=== Begin Enclosure ===

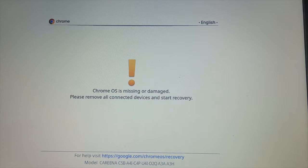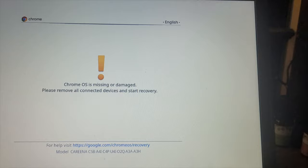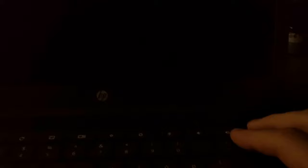A screen that looks like this: 'Chrome OS is missing or damaged, please remove all connected devices and start recovery.' For some reason, I mean you could do this, but pressing the power button works. I don't know...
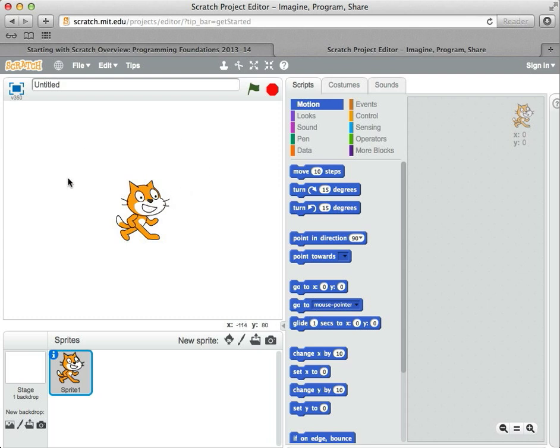This area here is called the stage, and it's where the sprites act out their program. Over here are a bunch of instructions that Scratch understands. Most of them are ones that you can understand pretty easily as well. For example, this one says move 10 steps.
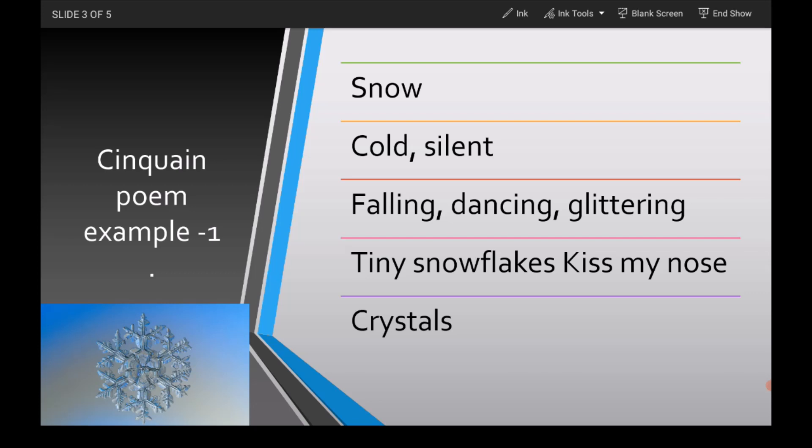Now you have to write three action verbs that end in '-ing,' so my three verbs are 'falling,' 'dancing,' and 'glittering.' And the complete sentence is: 'Snowflakes kiss my nose.' And the last step — my new similar noun is 'crystals.'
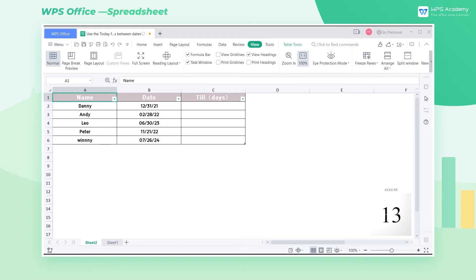In the application of WPS Office spreadsheet, we usually calculate days between dates. So how can we do a quick calculation? First, I'll teach you how to use the TODAY function to calculate days between the current date and a future date.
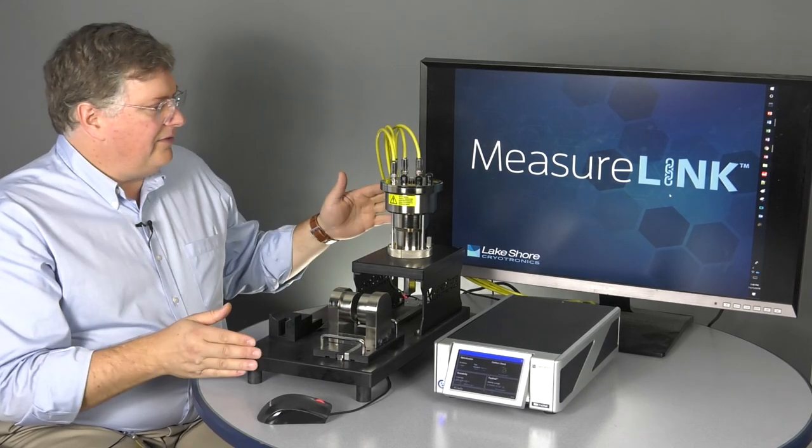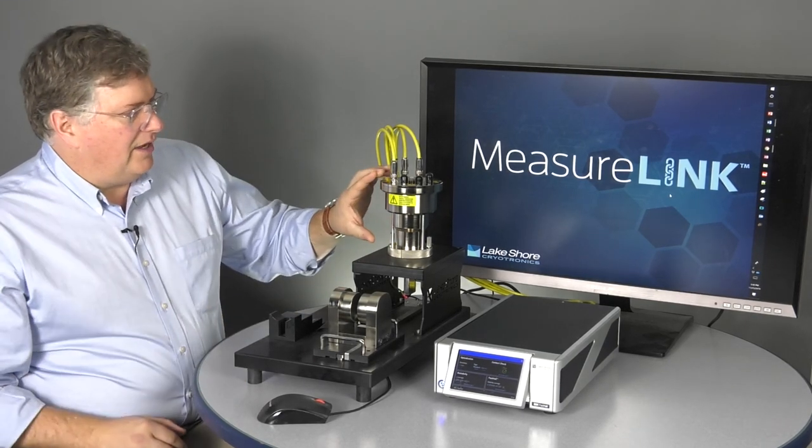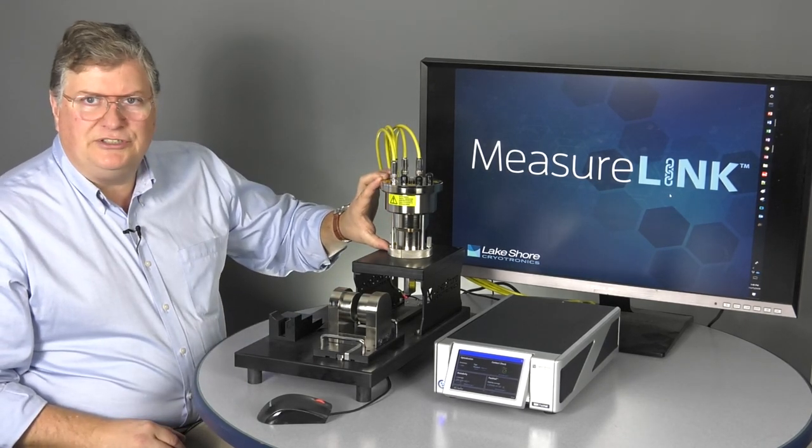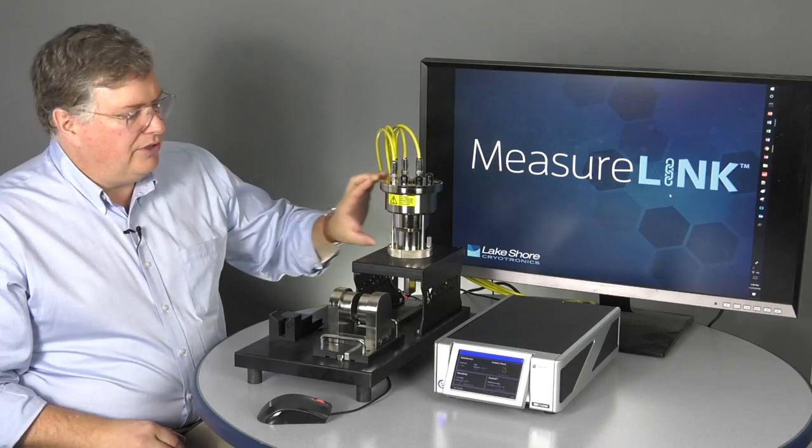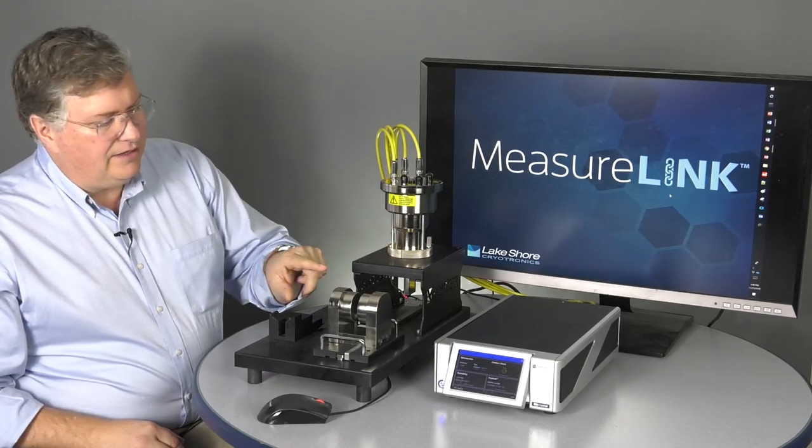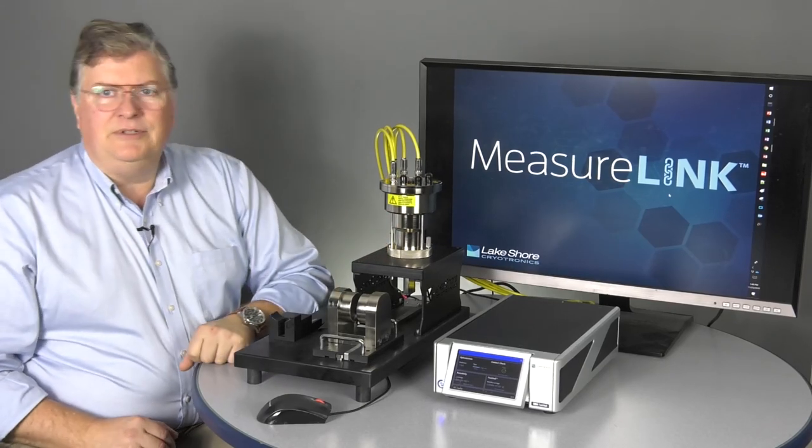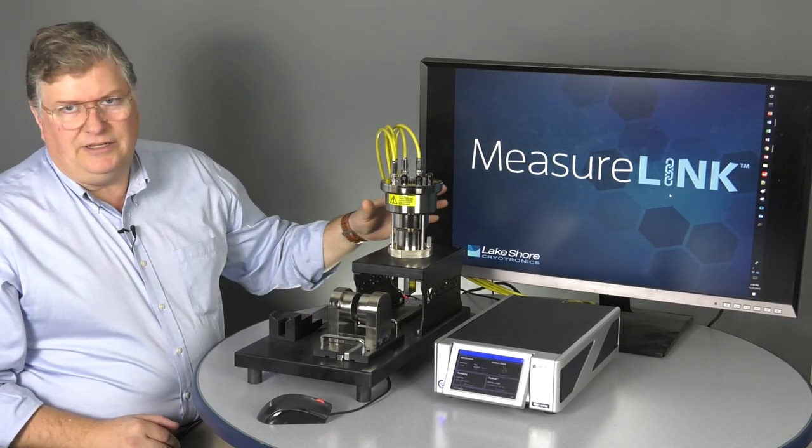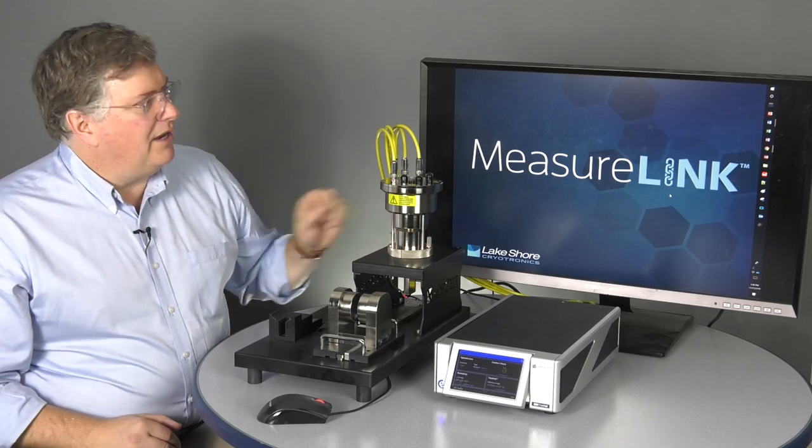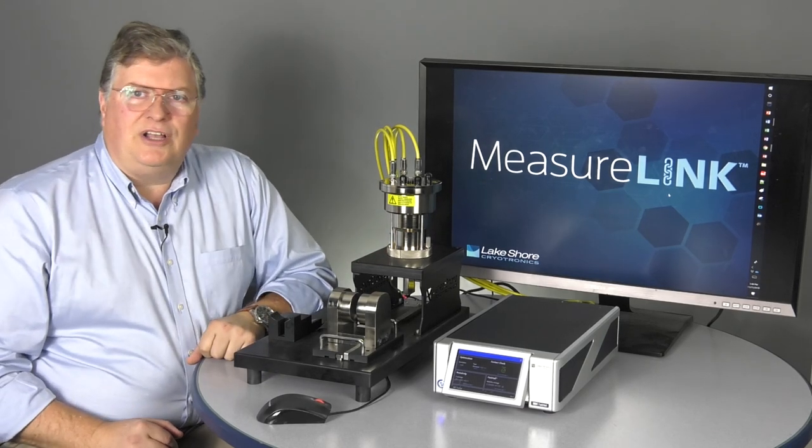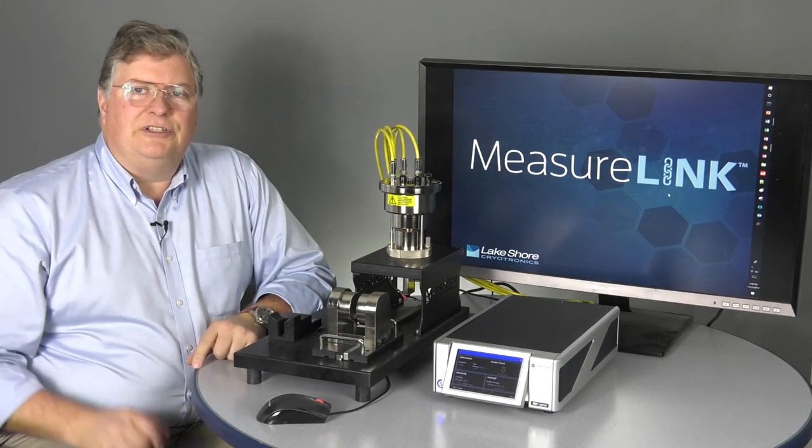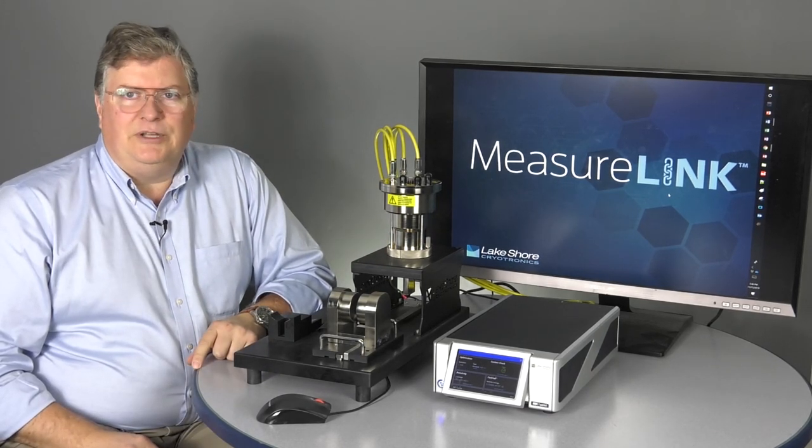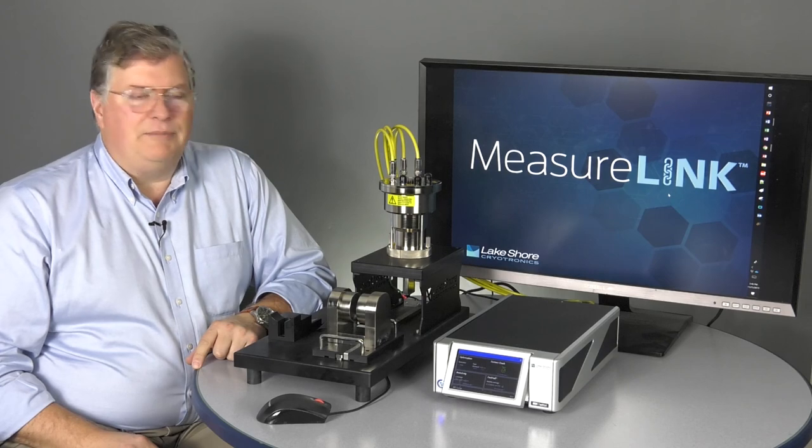We've combined that with a sample holder, a very high-precision sample holder, and magnet system. And then all of that is being governed by the MeasureLink software, which is helping us provide a very simple and easy way to make measurements.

=== End Enclosure ===

* **ACTIVITY**
Write out, word for word, the stretch of entries that begins at the line with "Now you have" and ends at the line with "In the application". Pictures do not belong in it.

* **EXERCISE OUTPUT**
Now you have to write three action verbs that end in '-ing,' so my three verbs are 'falling,' 'dancing,' and 'glittering.' And the complete sentence is: 'Snowflakes kiss my nose.' And the last step — my new similar noun is 'crystals.'
In the application of WPS Office spreadsheet, we usually calculate days between dates. So how can we do a quick calculation? First, I'll teach you how to use the TODAY function to calculate days between the current date and a future date.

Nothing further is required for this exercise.